I haven't seen any mention yet of the Sleepaway Camp trilogy. Those who like 80s slasher movies may like it. It's a low-budget half copycat / half parody of the Friday the 13th series. It's not really scary at all. It's more just amusing that really annoying kids and counselors are killed off gruesomely one by one. The first mimics the first Friday the 13th with one of the more shocking twists you're likely to ever see (at least in a horror film) and the second and third are pure (but enjoyable) ridiculousness in that the killer is a sweet, bubbly teenage girl who practically skips and sings as she kills kids in broad daylight.
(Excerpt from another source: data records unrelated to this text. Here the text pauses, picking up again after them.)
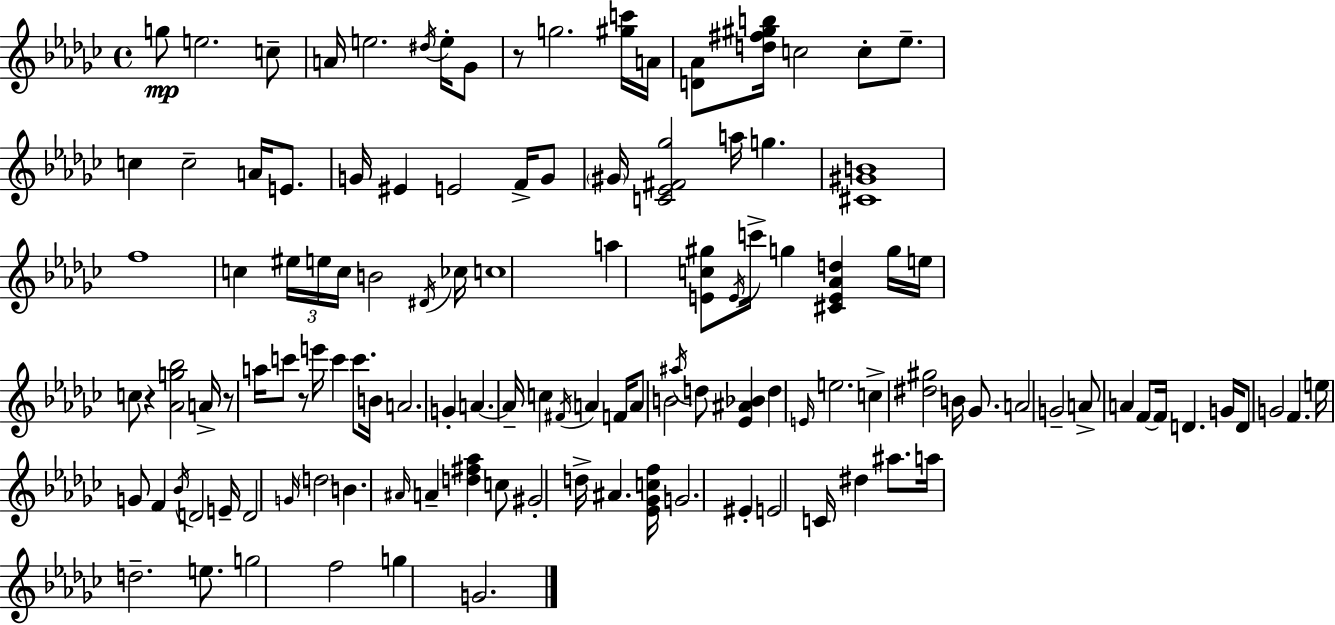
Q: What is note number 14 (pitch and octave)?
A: C5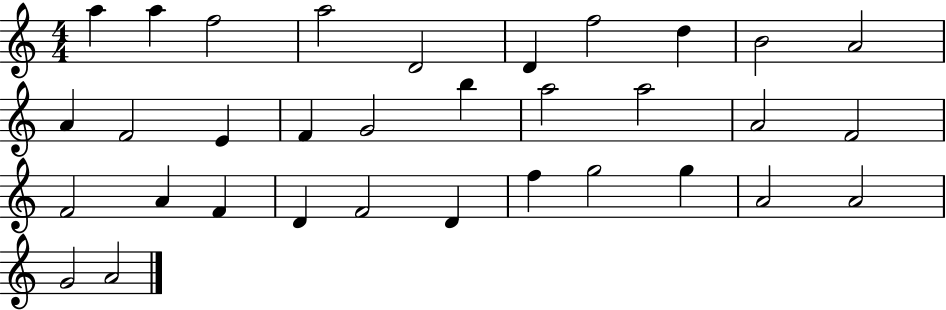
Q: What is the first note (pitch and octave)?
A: A5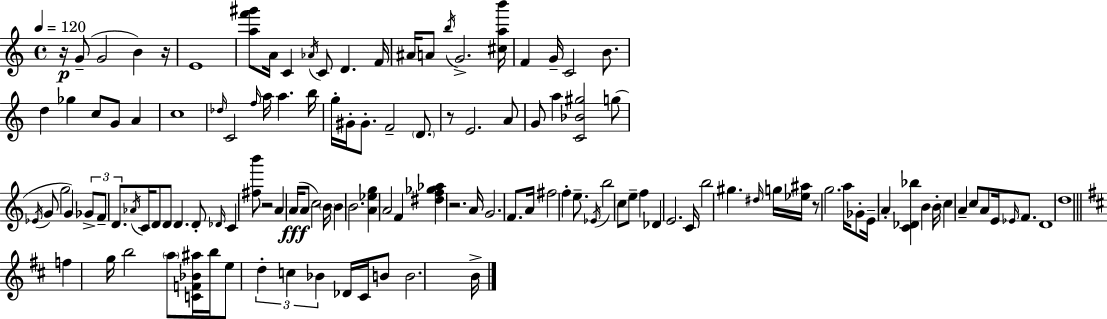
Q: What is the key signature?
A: C major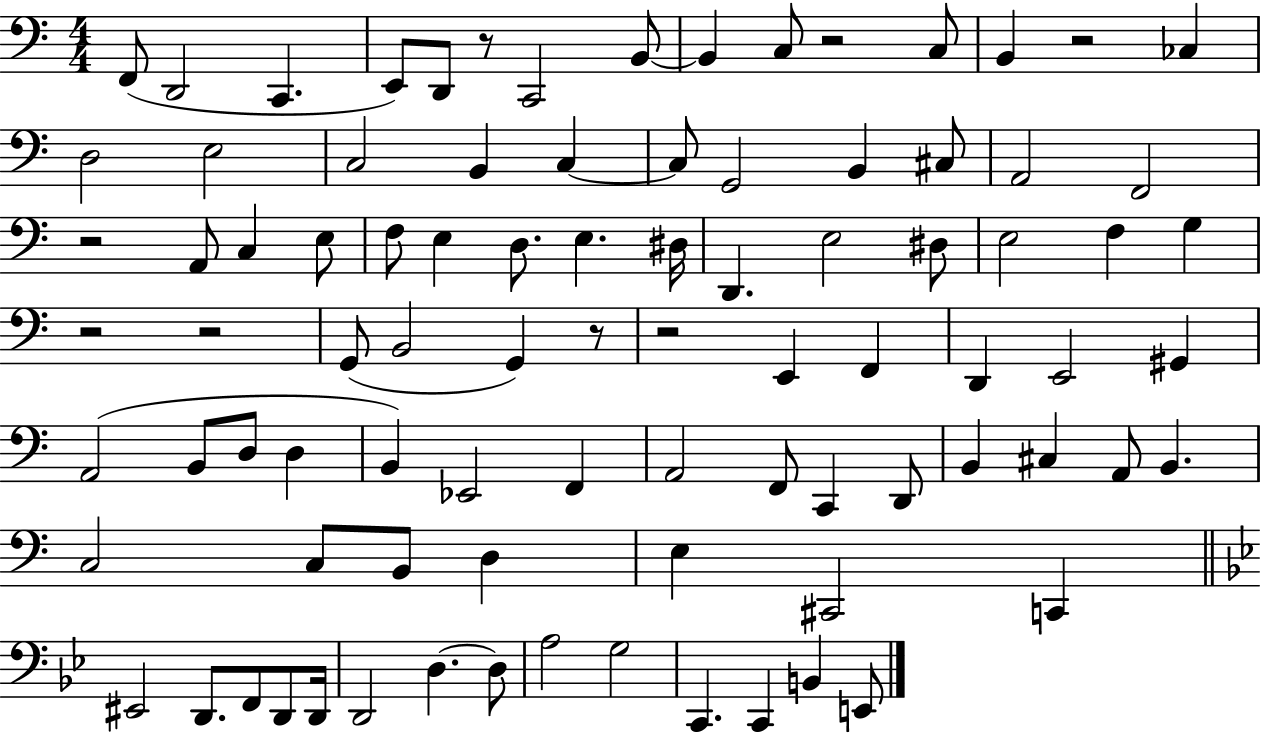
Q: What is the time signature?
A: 4/4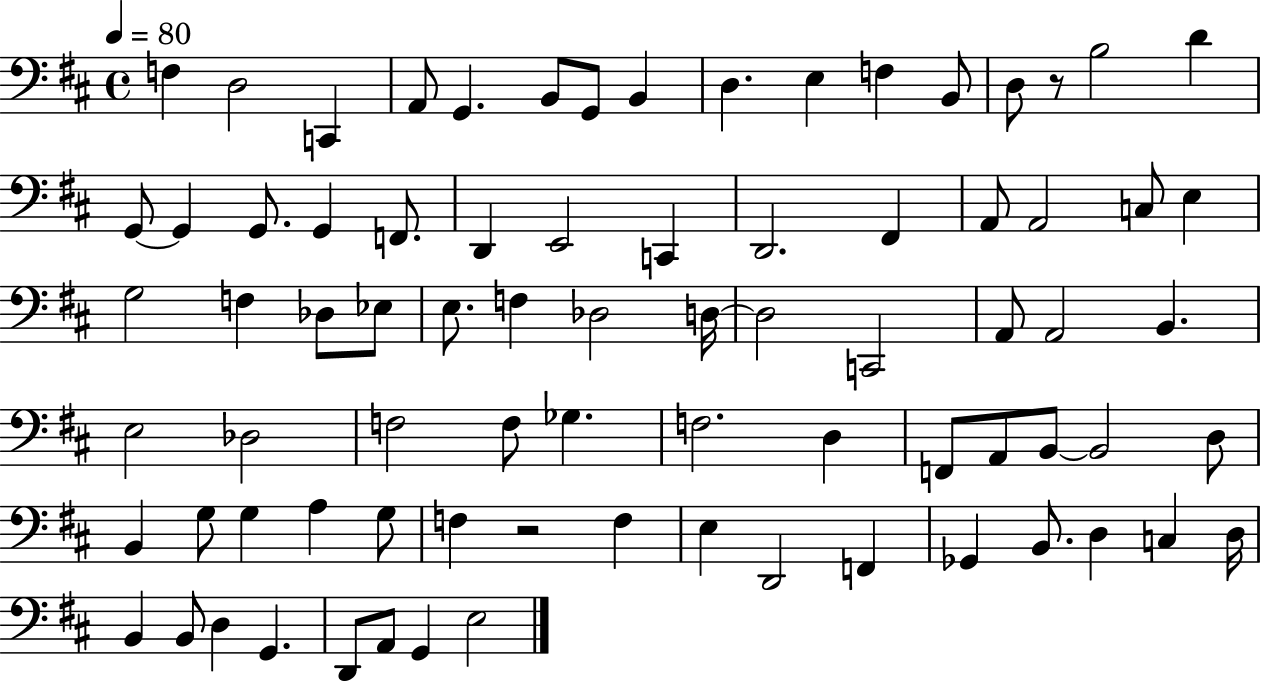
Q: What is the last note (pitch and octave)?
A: E3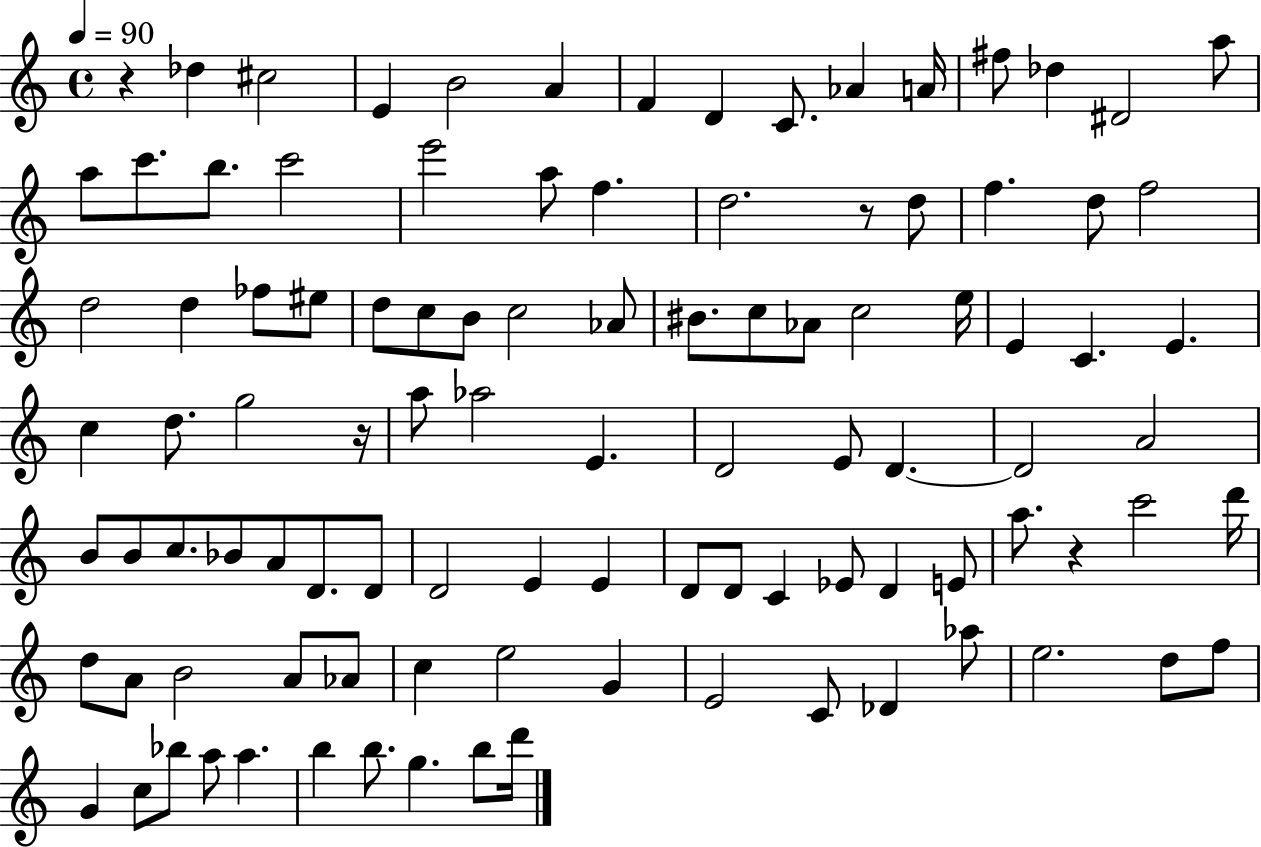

I watched all three on YouTube a few years ago, and I imagine that they're still there.
Does "The Thing" (1982) count as a horror movie? If it does, it may be my favorite horror movie.
It seems to me that the best "horror" movies tend to be the ones that blur the line with another genre and have you pausing for a moment to consider if they're
really horror. The Thing and Alien blur the line with sci-fi; Jaws, Poltergeist and The Exorcist blur the line with drama/suspense; Evil Dead and The Cabin in the Woods blur the line with comedy; and so on. Movies that just do the horror thing (Friday the 13th, Nightmare on Elm Street, etc.) tend to be 2-star affairs, which can still be entertaining and satisfying, just not typically what anyone would confuse for greatness (outside of the genre, itself). I guess that horror is a rather shallow subject, when you think about it, so it takes blending it with another ingredient to get the most out of it.
Watching marathon of Friday the 13th films on AMC
Why would anyone watch horror movies that are edited for TV
and, on top of that, interrupted with commercials? That just seems completely pointless, like watching them during the day with the sound on low; sorry.